As soon as Nate said "best soup you've ever made", I jumped on my laptop to share the recipe. Seriously, I'm pretty impressed with this Donna Hay recipe. From the original photo in the magazine, I thought - oh, recipe said no cream but I think we'll need to get some. That is certainly not the case. This delicious and healthy soup recipe is the perfect cool night dish. Open a bottle of wine (our choice was a 2009 Mollydooker Blue Eyed Boy) and enjoy.
Red Coconut Curry Lentil and Sweet Potato Soup
Ingredients
1 tablespoon vegetable oil
3 shallots, finely chopped
2 cloves, crushed
3cm piece of fresh ginger, peeled and finely grated
1/4 cup Thai Red Curry Paste
3 medium sized sweet potatoes, peeled and diced
4 cups chicken stock
1 x 400 ml (about 13 ounces) can coconut milk
2 tablespoons fish sauce
2 tablespoons lime juice
2 x 400 ml cans of lentils, cooked and drained
1/2 cup coriander (cilantro) leave, finely chopped
Directions
1. Heat the oil in a large saucepan over medium heat. Add the shallots and cloves, sauté until tender.
2. Add the ginger, sauté for about a minute.
3. Add the Thai Red Curry Paste, sauté for about a minute.
4. Add the sweet potatoes, chicken stock, coconut milk, fish sauce, lime juice. Cook until sweet potatoes are tender, about 10-18 minutes.
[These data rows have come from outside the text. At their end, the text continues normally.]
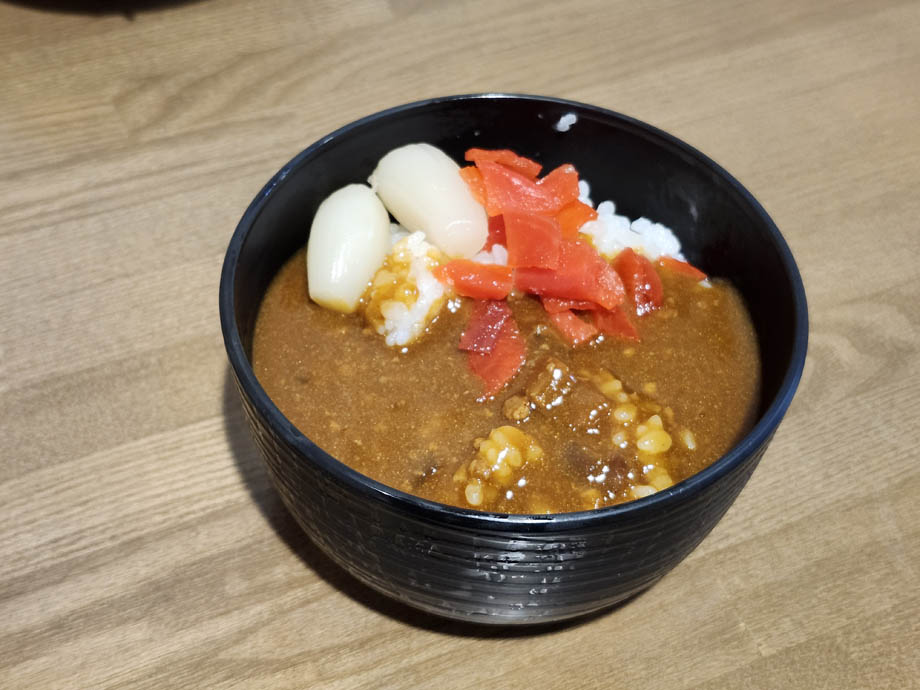 ホテルたいよう農園徳島県庁前のカレー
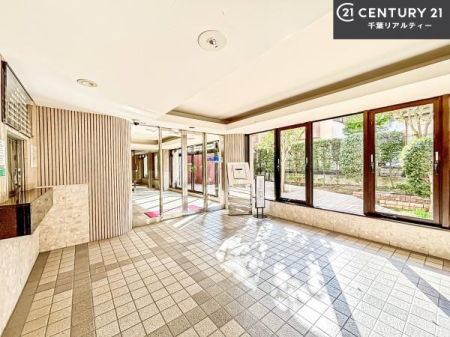 �G���g�����X ��؂Ȃ��q�l�����o�}������G���g�����X�B�z��������ǂ��S�n�̗ǂ���Ԃł��B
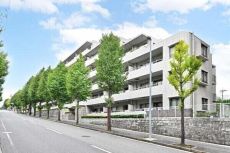 東急田園都市線「藤が丘」駅まで徒歩2分の好立地。徒歩圏内に買物施設や小学校、病院が揃う住環境です。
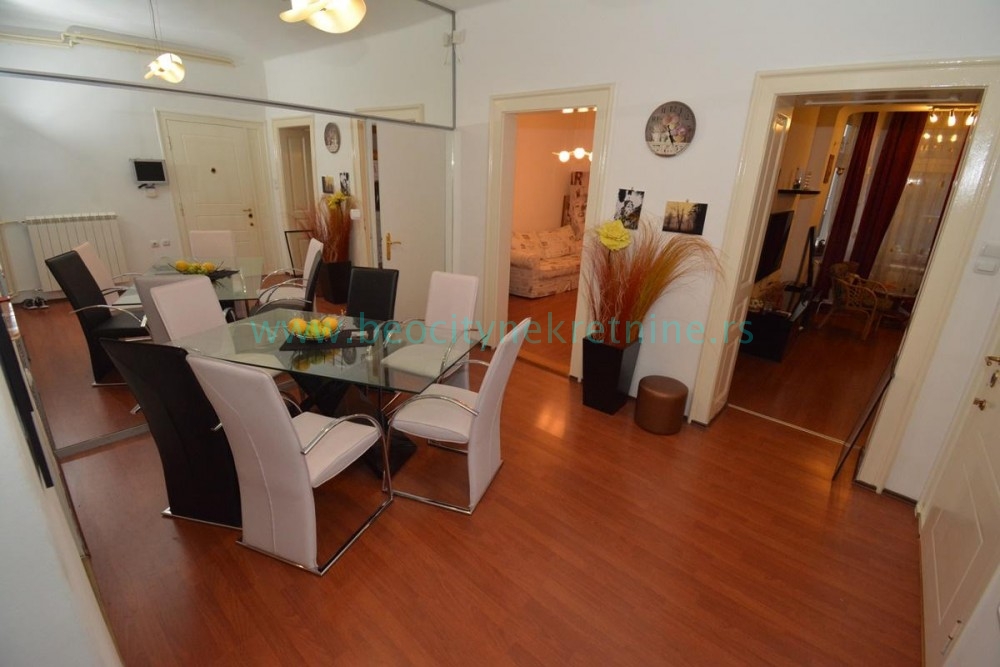 Trosoban stan, 83 m2, Cvetni trg, Mišarska ID: 41133 6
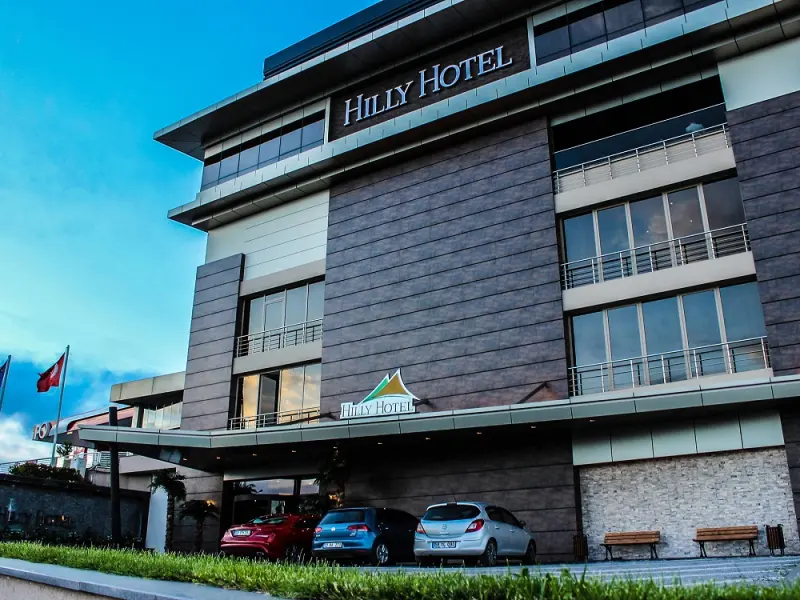 Hilly Hotel 6
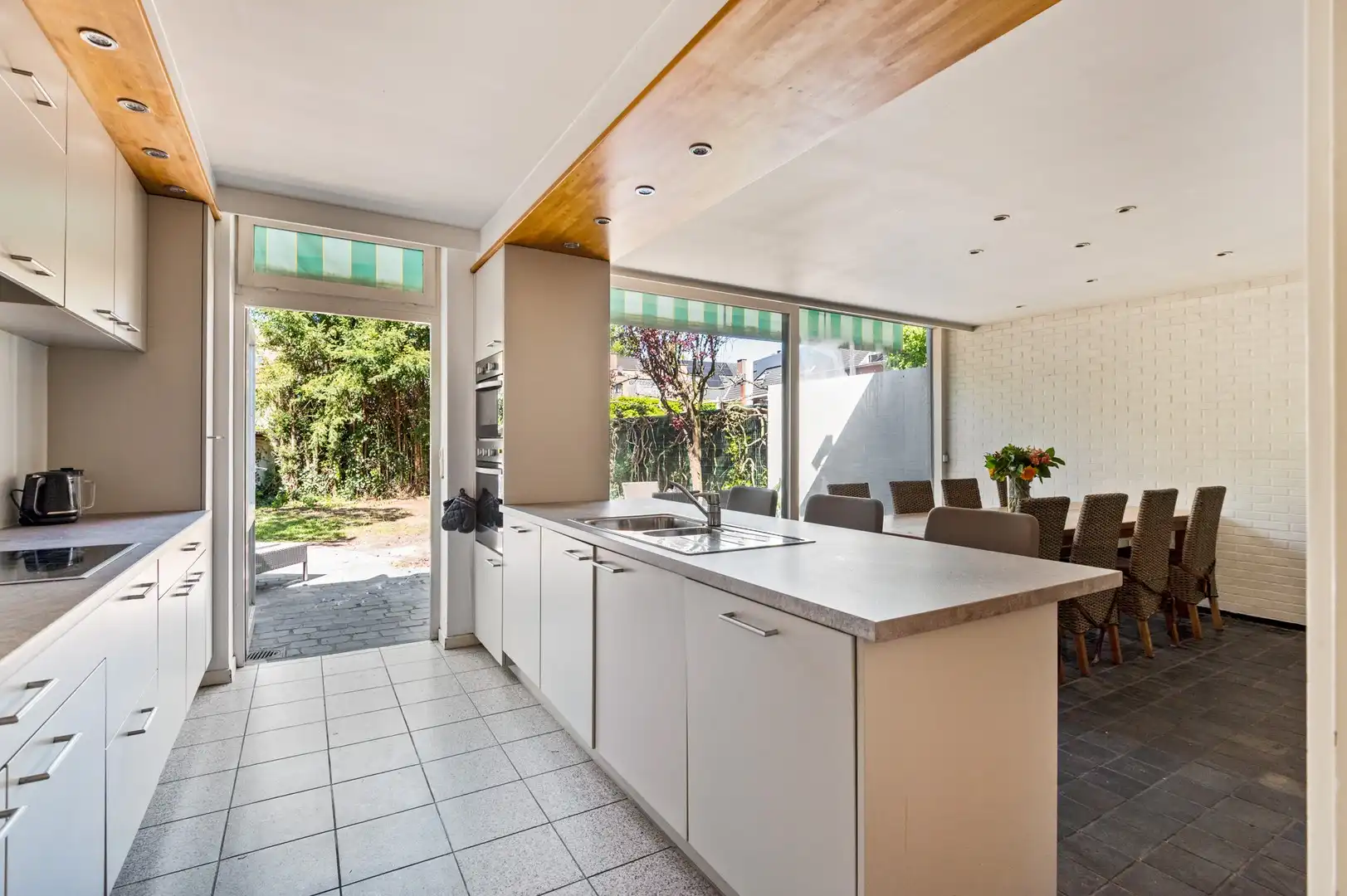 Lichtrijke 4slpk-woning met tuin en polyvalente ruimte foto 5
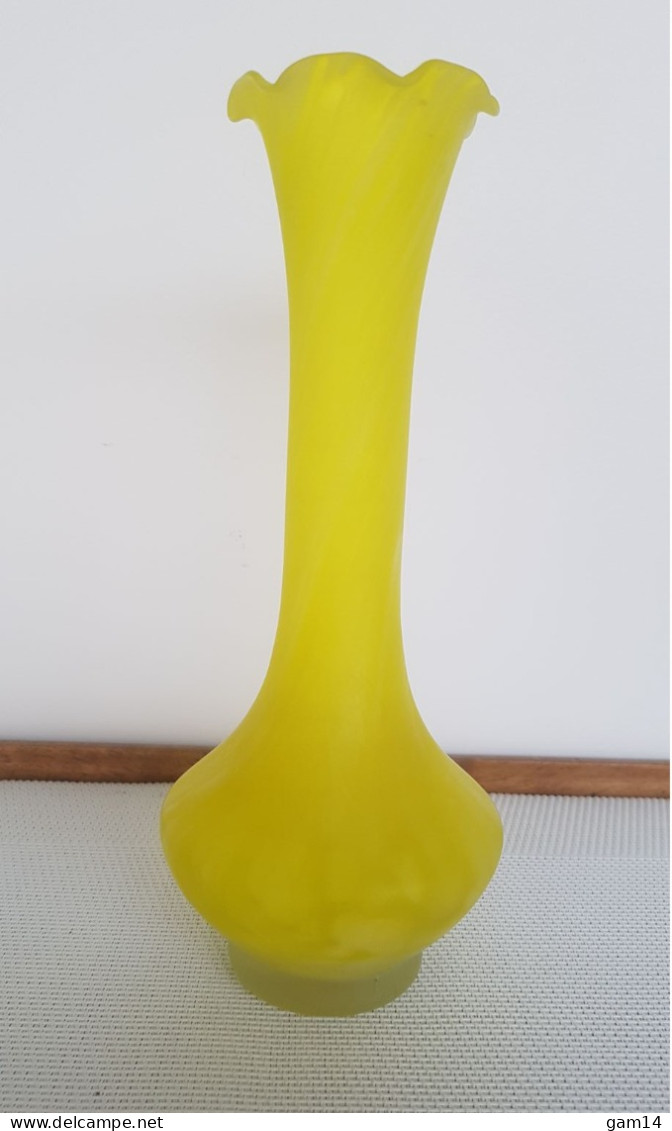 Joli Vase En Verre Marbré Jaune Et Blanc. Parfait état. - Vasen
5. Remove soup from heat and blend with either an immersion blender or add soup to a food processor and blend in batches.
6. Move soup puree back to low heat and fold in lentils and coriander. Heat through for about 5 minutes.
Jen's Notes
Don't forget the crusty bread! This recipe is easy to prep, easy to cook, easy to finish.